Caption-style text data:
____________
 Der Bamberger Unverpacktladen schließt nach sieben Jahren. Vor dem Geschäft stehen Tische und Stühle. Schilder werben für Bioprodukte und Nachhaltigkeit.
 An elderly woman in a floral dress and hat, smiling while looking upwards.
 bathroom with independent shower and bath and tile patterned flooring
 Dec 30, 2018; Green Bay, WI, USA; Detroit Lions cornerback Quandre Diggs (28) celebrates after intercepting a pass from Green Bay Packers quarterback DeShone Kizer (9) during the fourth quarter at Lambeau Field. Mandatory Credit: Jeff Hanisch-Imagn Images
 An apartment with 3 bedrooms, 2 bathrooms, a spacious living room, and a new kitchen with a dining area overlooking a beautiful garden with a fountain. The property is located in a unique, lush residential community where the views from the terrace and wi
____________
Your goal:
Where the line containing "bathroom with independent" appears in the records above, begin there and print every line through the last, exactly and with nothing else.

Answer to the problem:
 bathroom with independent shower and bath and tile patterned flooring
 Dec 30, 2018; Green Bay, WI, USA; Detroit Lions cornerback Quandre Diggs (28) celebrates after intercepting a pass from Green Bay Packers quarterback DeShone Kizer (9) during the fourth quarter at Lambeau Field. Mandatory Credit: Jeff Hanisch-Imagn Images
 An apartment with 3 bedrooms, 2 bathrooms, a spacious living room, and a new kitchen with a dining area overlooking a beautiful garden with a fountain. The property is located in a unique, lush residential community where the views from the terrace and wi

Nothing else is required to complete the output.